Task prompt:
Return the lines of the listing below exactly as they appear, beginning at the one with "人教版小学英语三年级上册Un" and stopping after the one with "我身边的质量人物 | 以质量坚守初心，，，，，，，，以匠心钻营卓越"; do not include pictures.

== Segment start ==

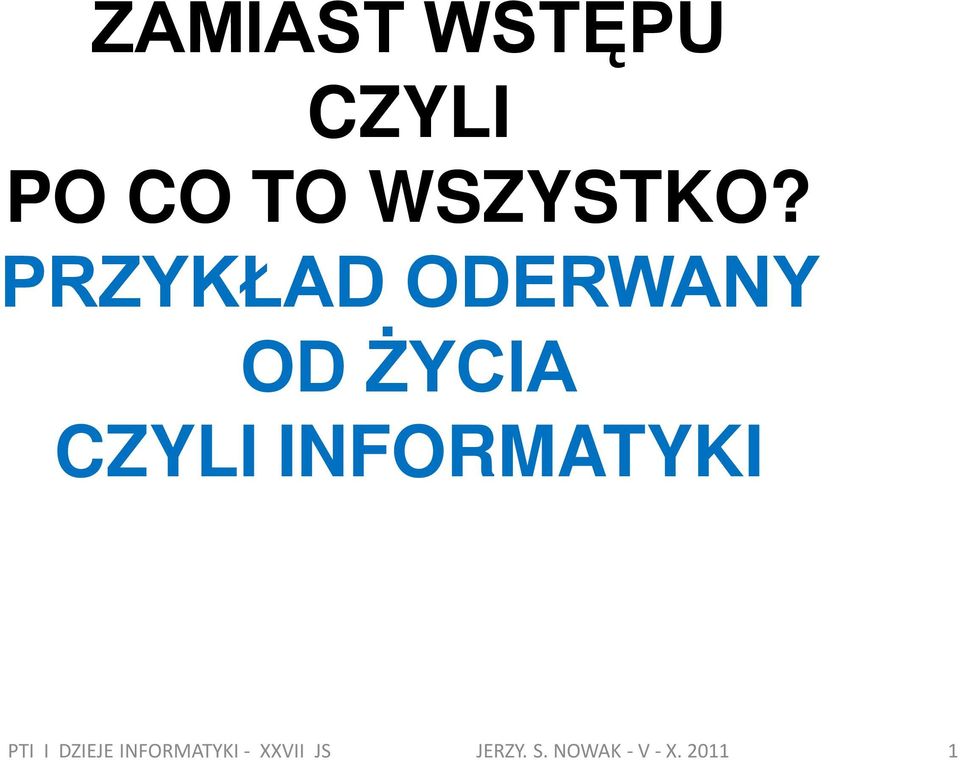 PRZYKŁAD ODERWANY OD ŻYCIA CZYLI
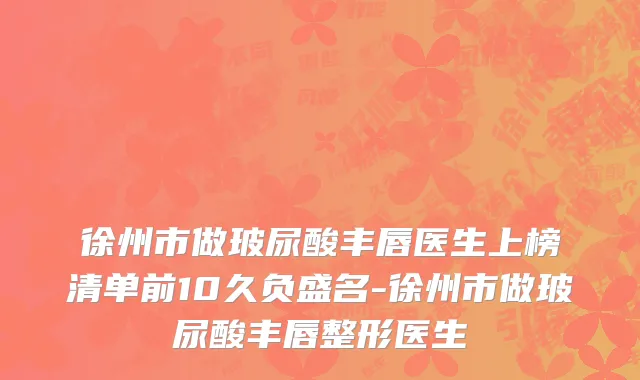 徐州市做玻尿酸丰唇医生上榜清单前10久负盛名-徐州市做玻尿酸丰唇整形医生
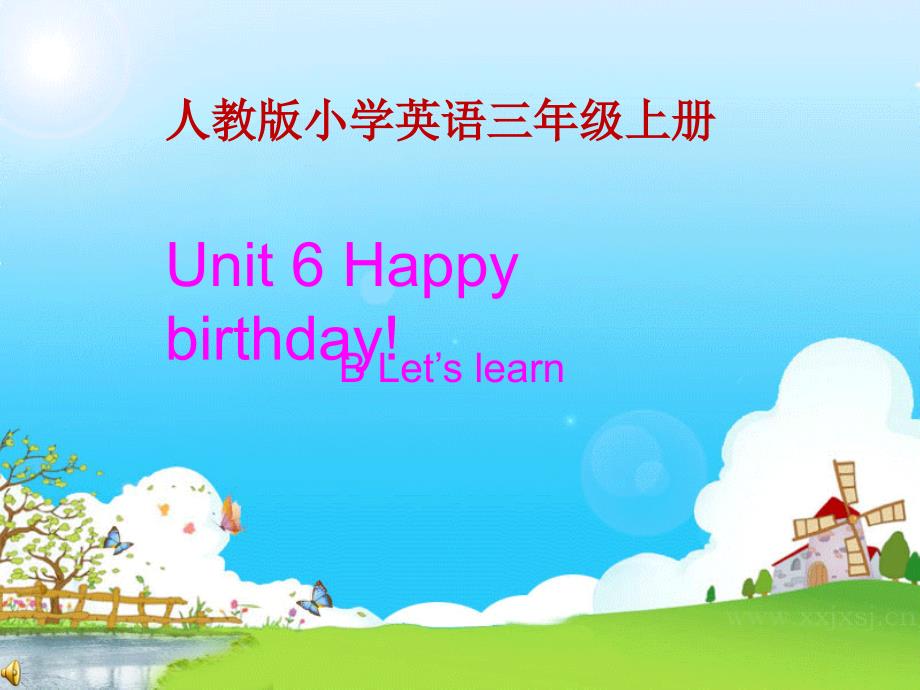 人教版小学英语三年级上册Unit-6-Happy-birthday!B-Let’s-learn优质课课件_第1页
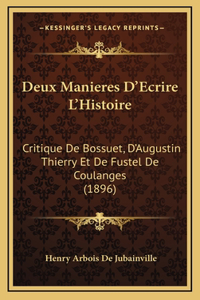 Deux Manieres D'Ecrire L'Histoire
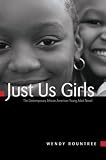 Just Us Girls: The Contemporary African American Young Adult Novel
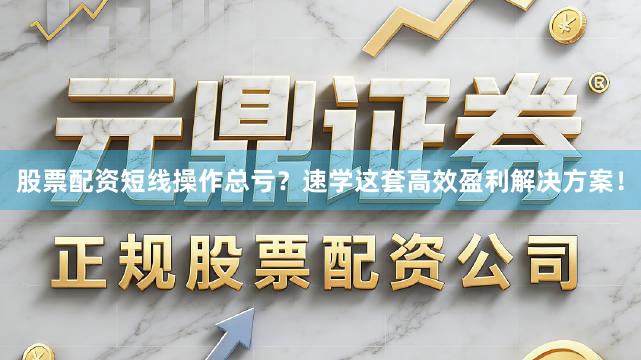 股票配资短线操作总亏？速学这套高效盈利解决方案！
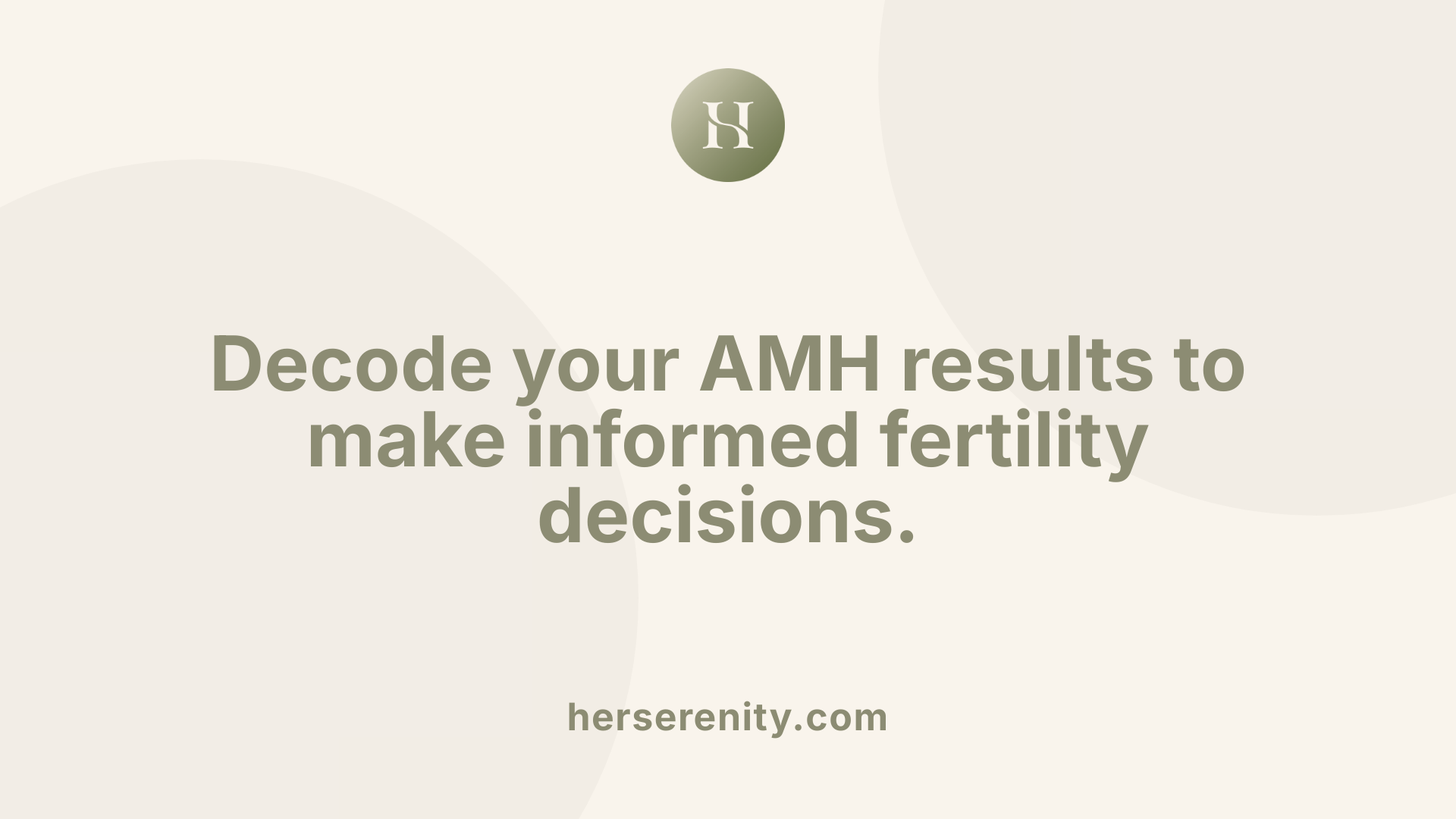Decode your AMH results to make informed fertility decisions.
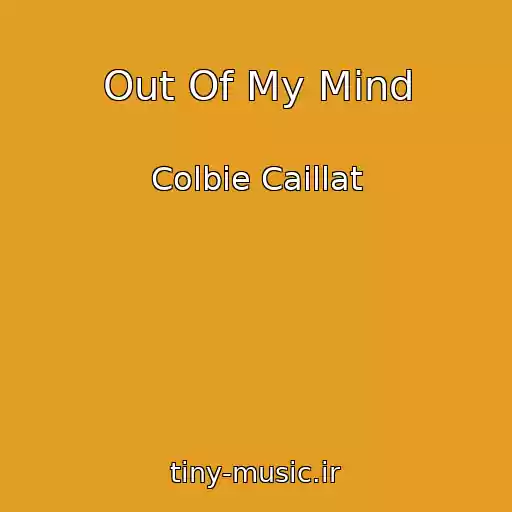 کاور آهنگ Out Of My Mind از Colbie Caillat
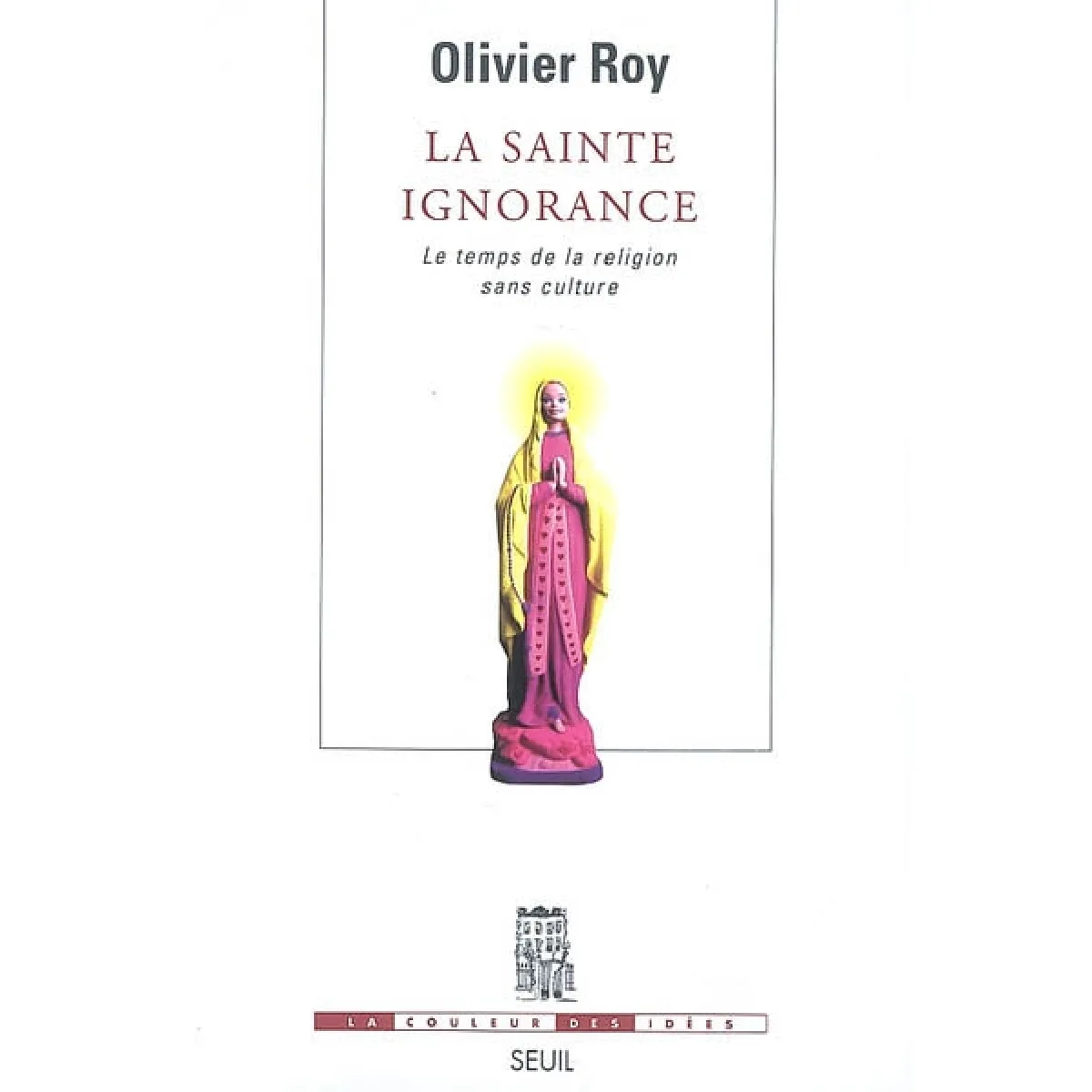La sainte ignorance : le temps de la religion sans culture · Occasion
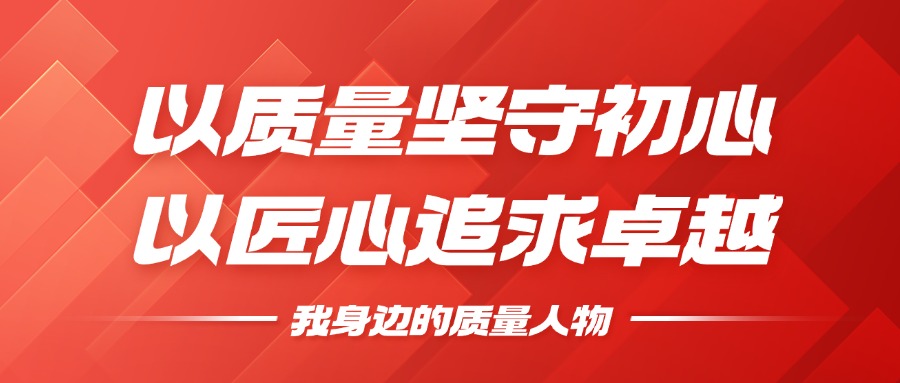 我身边的质量人物 | 以质量坚守初心，，，，，，，，以匠心钻营卓越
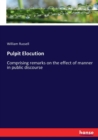 Pulpit Elocution : Comprising remarks on the effect of manner in public discourse - Book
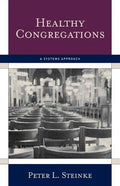Healthy Congregations: A Systems Approach - Paperback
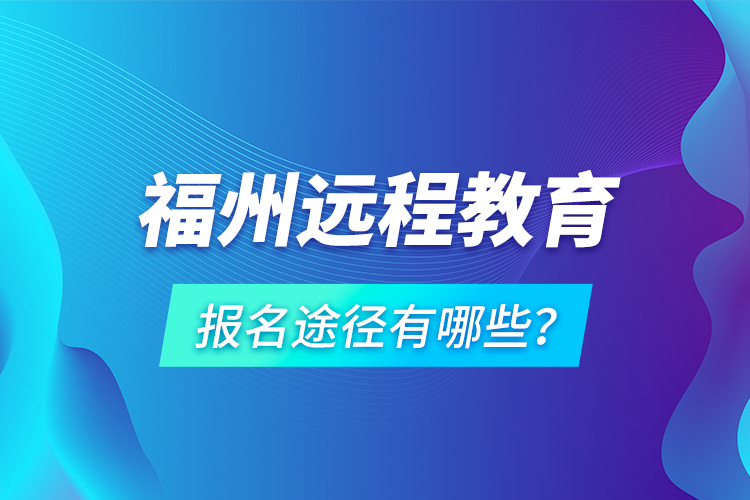 福州远程教育报名途径有哪些？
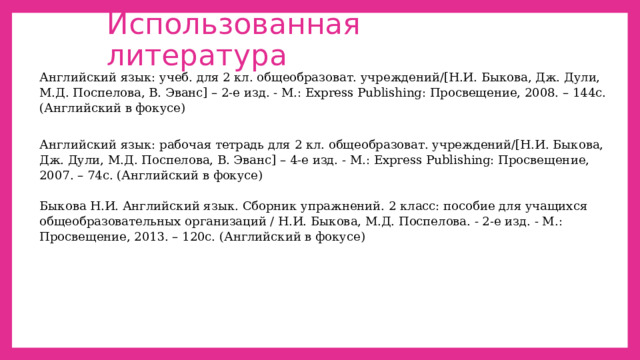 Использованная литература Английский язык: учеб. для 2 кл. общеобразоват. учреждений/[Н.И. Быкова, Дж. Дули, М.Д. Поспелова, В. Эванс] – 2-е изд. - М.: Express Publishing: Просвещение, 2008. – 144с. (Английский в фокусе)   Английский язык: рабочая тетрадь для 2 кл. общеобразоват. учреждений/[Н.И. Быкова, Дж. Дули, М.Д. Поспелова, В. Эванс] – 4-е изд. - М.: Express Publishing: Просвещение, 2007. – 74с. (Английский в фокусе) Быкова Н.И. Английский язык. Сборник упражнений. 2 класс: пособие для учащихся общеобразовательных организаций / Н.И. Быкова, М.Д. Поспелова. - 2-е изд. - М.: Просвещение, 2013. – 120с. (Английский в фокусе)  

== Segment end ==

Result:
 人教版小学英语三年级上册Unit-6-Happy-birthday!B-Let’s-learn优质课课件_第1页
 Deux Manieres D'Ecrire L'Histoire
 Just Us Girls: The Contemporary African American Young Adult Novel
 股票配资短线操作总亏？速学这套高效盈利解决方案！
Decode your AMH results to make informed fertility decisions.
 کاور آهنگ Out Of My Mind از Colbie Caillat
La sainte ignorance : le temps de la religion sans culture · Occasion
 我身边的质量人物 | 以质量坚守初心，，，，，，，，以匠心钻营卓越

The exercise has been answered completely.